Repeat exactly every line that comes at or after the line containing "MONDIAZ KURVE-DLUX meuble", through the end of the entries below.

Short text fragments from websites
^^^^^^^^
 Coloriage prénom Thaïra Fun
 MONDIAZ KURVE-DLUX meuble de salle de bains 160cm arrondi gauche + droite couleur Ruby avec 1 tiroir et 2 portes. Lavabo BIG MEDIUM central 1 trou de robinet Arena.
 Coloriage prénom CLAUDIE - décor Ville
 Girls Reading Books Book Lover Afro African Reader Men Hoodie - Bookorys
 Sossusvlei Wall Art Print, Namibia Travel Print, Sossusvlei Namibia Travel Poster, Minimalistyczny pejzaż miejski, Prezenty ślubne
^^^^^^^^
## Answer box
 MONDIAZ KURVE-DLUX meuble de salle de bains 160cm arrondi gauche + droite couleur Ruby avec 1 tiroir et 2 portes. Lavabo BIG MEDIUM central 1 trou de robinet Arena.
 Coloriage prénom CLAUDIE - décor Ville
 Girls Reading Books Book Lover Afro African Reader Men Hoodie - Bookorys
 Sossusvlei Wall Art Print, Namibia Travel Print, Sossusvlei Namibia Travel Poster, Minimalistyczny pejzaż miejski, Prezenty ślubne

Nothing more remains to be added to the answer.